What needs to be done: In the material below, the lines from the one containing "Chanel Rib Sleeveless Top Black DBXS2427" through the one containing "Spongebob Tattoo Ideas, Spongebob" are to be given again exactly, ends included, and no others.
....
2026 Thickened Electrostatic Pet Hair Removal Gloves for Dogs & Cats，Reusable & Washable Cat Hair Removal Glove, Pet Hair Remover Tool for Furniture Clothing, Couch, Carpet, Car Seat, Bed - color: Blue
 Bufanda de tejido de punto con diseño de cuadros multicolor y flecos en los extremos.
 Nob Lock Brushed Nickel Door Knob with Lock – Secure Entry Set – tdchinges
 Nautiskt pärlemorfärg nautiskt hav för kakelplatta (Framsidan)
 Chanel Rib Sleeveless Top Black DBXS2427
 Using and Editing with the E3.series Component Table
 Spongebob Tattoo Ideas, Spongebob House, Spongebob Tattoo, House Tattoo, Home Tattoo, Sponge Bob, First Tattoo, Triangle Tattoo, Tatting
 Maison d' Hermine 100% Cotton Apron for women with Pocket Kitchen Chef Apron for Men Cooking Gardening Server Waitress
....
Answer to this exercise:
 Chanel Rib Sleeveless Top Black DBXS2427
 Using and Editing with the E3.series Component Table
 Spongebob Tattoo Ideas, Spongebob House, Spongebob Tattoo, House Tattoo, Home Tattoo, Sponge Bob, First Tattoo, Triangle Tattoo, Tatting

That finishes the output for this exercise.